SHOULD the long throw-in be banned from football? That, believe it or not, is a discussion that has cropped up among those fans dismayed by the havoc wreaked by Stoke City’s Rory Delap this season. Premier League defences have been unable to cope with the bombardment, and so up goes the cry ‘Foul!’

But rather than bemoan the ‘bully-boy’ tactics of throwing a ball hard into the penalty area, shouldn’t we be asking why it is causing such problems in the first place?

The answer lies in the overall demise in the importance of the throw-in. There has even been a serious proposal to replace it with a ‘kick-in’ – which would have to be kicked along the ground, presumably to avoid an endless series of set-pieces, and the prospect of David Beckham’s playing career lasting another 30 years.

hutchinsonIt wasn’t always like this.

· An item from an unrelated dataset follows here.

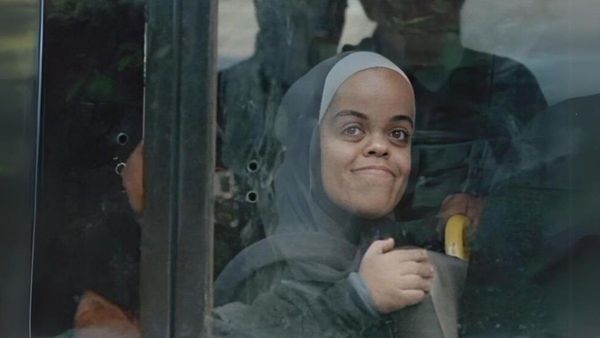 Snow White Film Highlights Dwarfism in Society Snow White Film Highlights Dwarfism in Society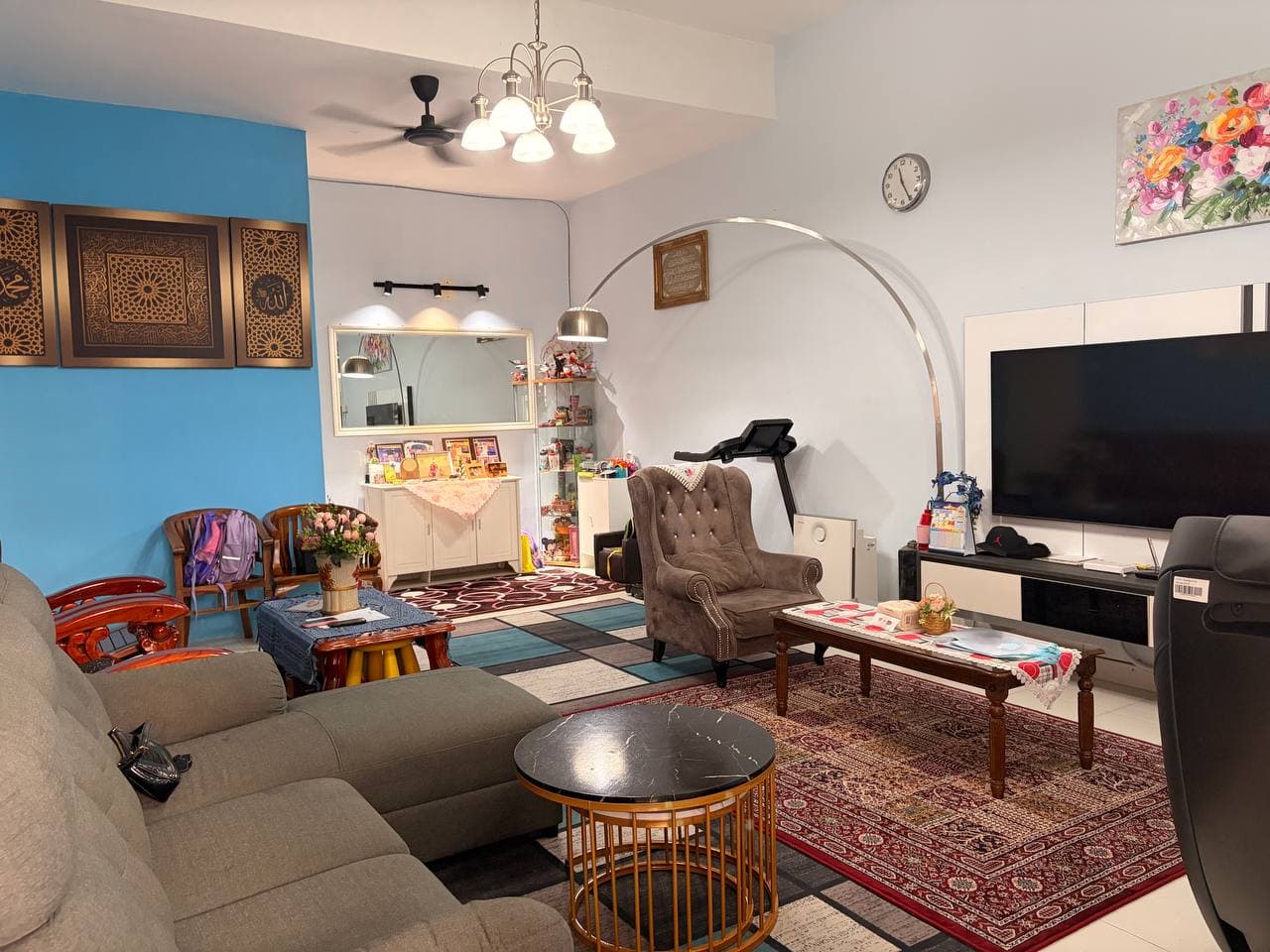 Double Storey Terrace House Jalan Merbau 27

Time was when many teams had a throw-in specialist like Arsenal’s John Radford or Chelsea’s Ian Hutchinson, whose famous windmill-style projection resulted in the FA Cup-winning goal in 1970. More recently Wimbledon used it consistently when Vinnie Jones was their ‘top Womble’.

Back in the nineteenth century William Gunn (who also represented England at cricket) threw the ball (more like a cannonball in those days) from one end of the field to the other in an international against Scotland. The Scots had rashly agreed that throws could be taken using any method, so Gunn chucked it one-handed.

In recent times we’ve had Andy Legg, whose world-record is 44.6m but claims to have achieved 47m in training, and Dave Challinor, whose heroic efforts were hampered after the ruling that he couldn’t use a towel to dry the ball. Estonian international Risto Kallaste is famous for his ‘flip’, but he is by no means the first to use this somersault method, as Newcastle fans who saw Steve Watson in the early 1990s can testify.

All the same, the long throw is regarded as a freak show, and a tactic to be used sparingly. (Nobody complains when Gary Neville uses it for club and country.) Perhaps the problem is that we have neglected to practice the art.

That certainly wasn’t the case when Miss Casey coached the pupils at her Bradford school. Pictured here in September 1936 with her lads, she has no doubt where her priorities lie. Her team was unbeaten for the entire previous season, and it’s not hard to see why.